March 27 (HealthDay News) -- Microsurgery can reduce the build-up of lymphatic fluid after breast cancer treatment, a new report shows.
Lymphedema affects up to 30 percent of the women who have their lymph nodes removed or radiated as part of their breast cancer treatment, according to the National Cancer Institute. The swelling condition -- which can be chronic -- causes pain, weakness and a loss of flexibility.
Researchers at the University of Texas M. D. Anderson Cancer Center said they have been able to reduce the fluid build-up in women with lymphedema by 25 percent to 39 percent in a year with a lymphaticovenular bypass, a minimally invasive procedure that reroutes the fluid to vessels that are about a half-millimeter in diameter.
"Lymphedema is like a massive traffic jam with no exit," study author Dr. David W. Chang, director of the Plastic Surgery Clinic at M. D. Anderson, said in a news release issued by the cancer center. "This procedure does a lot to help relieve lymphedema by giving the fluid a way out."
The procedure does not eliminate the condition, Chang said, but "there is very little downside for the patient, and we may see significant improvement in its severity."
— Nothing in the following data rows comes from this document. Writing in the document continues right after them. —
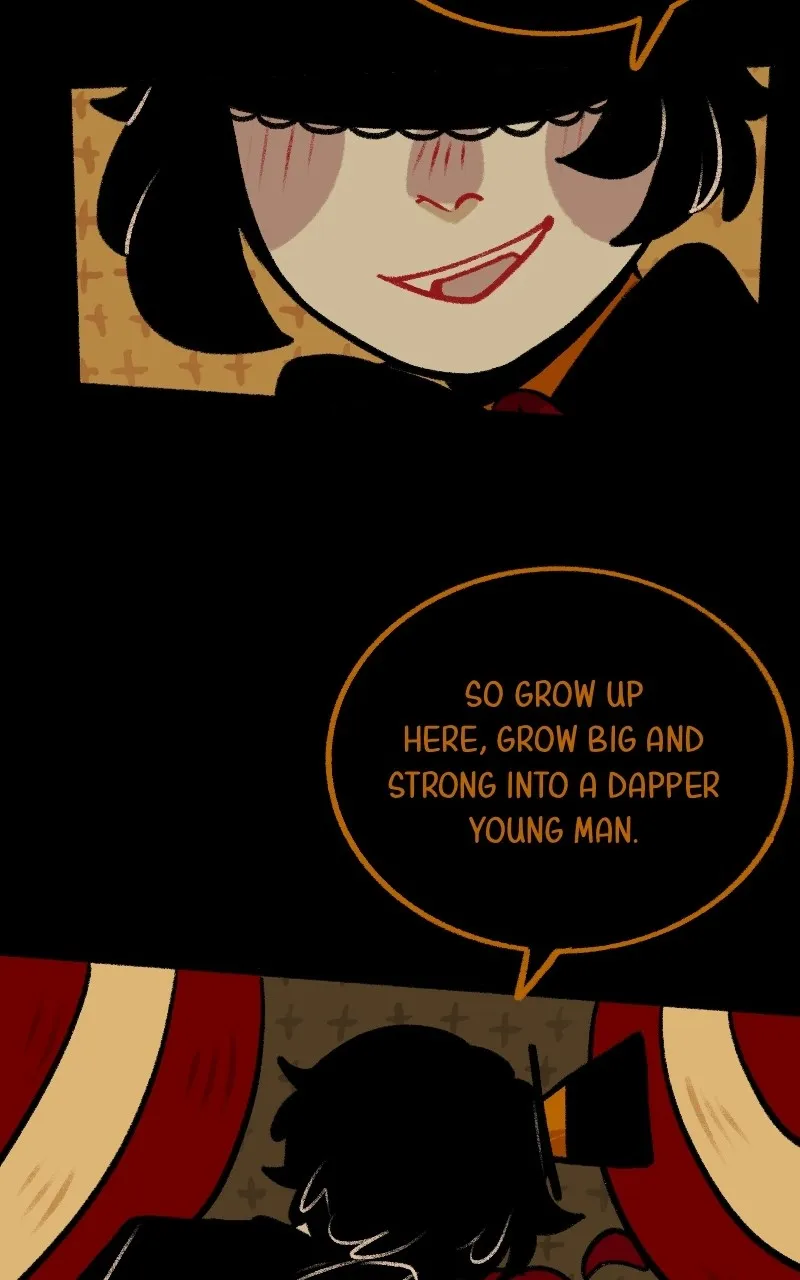 Funtime Phobia Chapter 19 page 11 - 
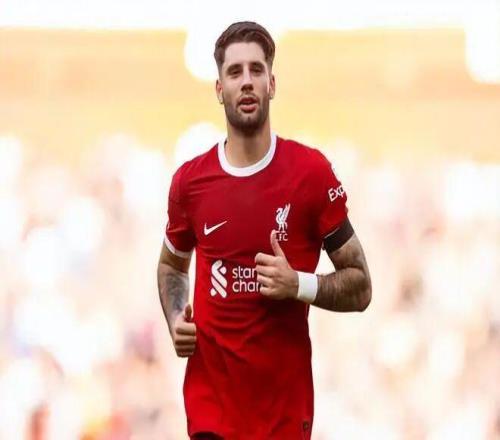 魔鬼赛程+伤病危机！利物浦锋线仅2人可用，斯洛特迎来终极大考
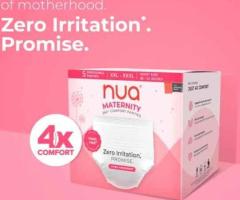 Best Maternity Panties in India | 360° Comfort Leak-Proof Postpartum care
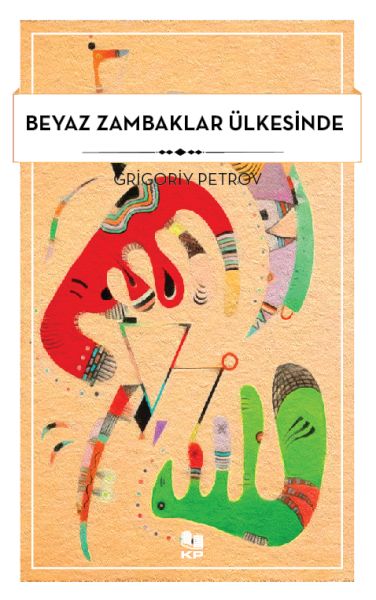 Beyaz Zambaklar Ülkesinde-zoom-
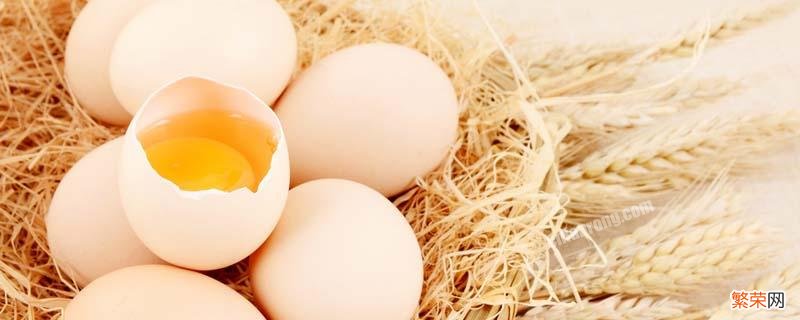 鸡蛋怎么区分公母 鸡蛋怎么区分公母图片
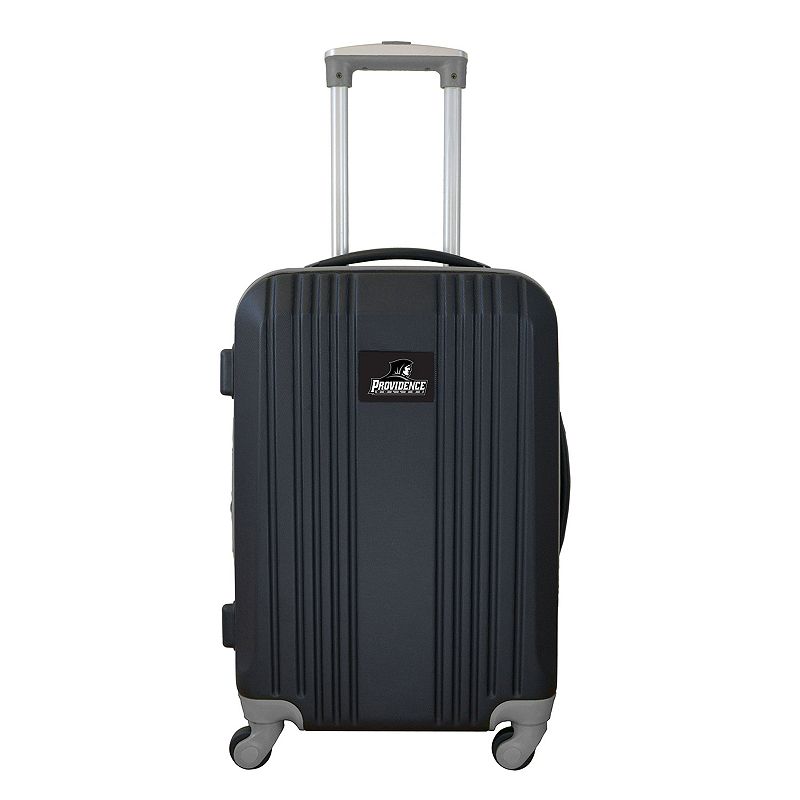 Providence Friars 21-Inch Wheeled Carry-On Luggage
The findings were to be presented this week at the annual meeting of the American Association of Plastic Surgeons, in Rancho Mirage, Calif.
Almost any breast cancer patient with lymphedema could have the surgery, Chang said, though he added the best results would occur if it were done early in the disease, before the soft tissue of the affected arm hardens.
Surgical techniques previously used to treat lymphedema have not always been effective, Chang said. Most people rely on therapy such as massage, exercise and compression bandages to manage the condition and try to prevent complications.
The technique, which requires general anesthesia and an overnight stay in the hospital, could also be done on people with lymphedema in the legs, which is caused by pelvic cancers, he said. And, with refinement, it might prove applicable to lymphedema from the filariasis parasite, which affects 200 million people worldwide, he said.
"We have the potential to impact a large number of people," Chang said.